日本ファンタジーノベル大賞2019受賞作。
中国っぽい国の偽史書に書かれた、過去にあったかもしれない物語という、封神演義っぽいファンタジー。
時を超える感動の愛の物語という売り文句がついているが、これは読者をミスリードするマーケティングであり、本作は間違いなく、山田風太郎や荒山徹系のとんでも伝奇小説系統の作品である。
これらの作品を読んだことがなく、純粋ファンタジーファンが本作を読むと、中盤からの展開に度肝を抜かれること間違いないのだが、はたして本作をファンタジーというジャンルで売り出すのは、どうなのだろうか。

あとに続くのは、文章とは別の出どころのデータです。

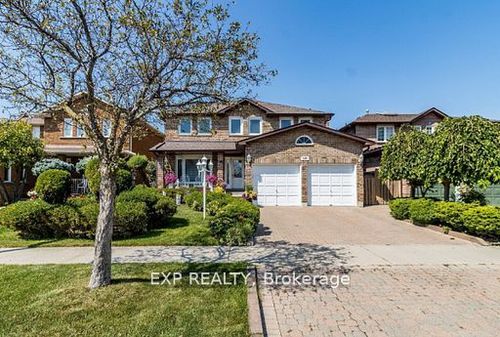 449 Greenpark Cres, Mississauga, ON, L5B3P4 | Card Image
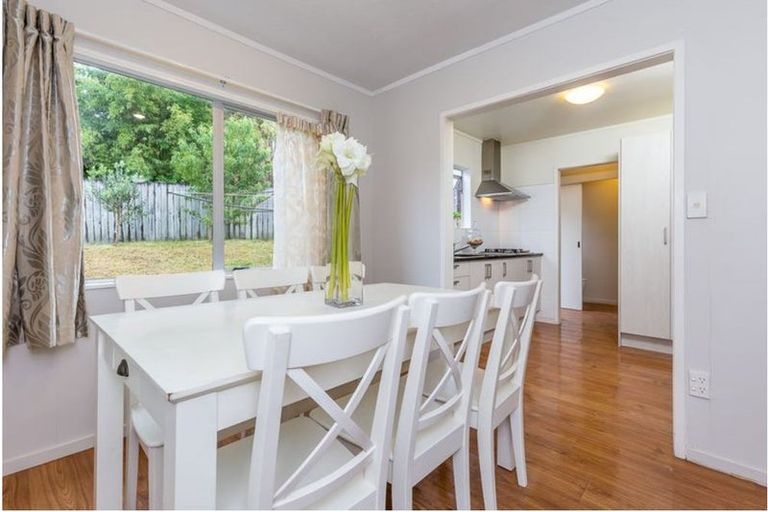 Photo of property in 60 Kohekohe Street, New Lynn, Auckland, 0600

上記のような点で、本作がファンタジー大賞の受賞作として相応しいのかとか、本作のマーケティング手法にはケチをつけたくなるが、内容に関しては、間違いなくここ数年出版された小説の中でトップクラスの面白さであり、練りに練られた伏線と、巧みな言葉選び、中盤からの怒涛のストーリー展開には脱帽するしかない。
どれも同じようなラノベ作品や、深夜アニメに飽き飽きとしている人は、ぜひ本作を読んでもらいたい。
本作が作者の持っている作風で、これからも同様の系統の作品を書かれるのか、それともまっとうなファンタジーに回帰するのか、はたしてどちらか?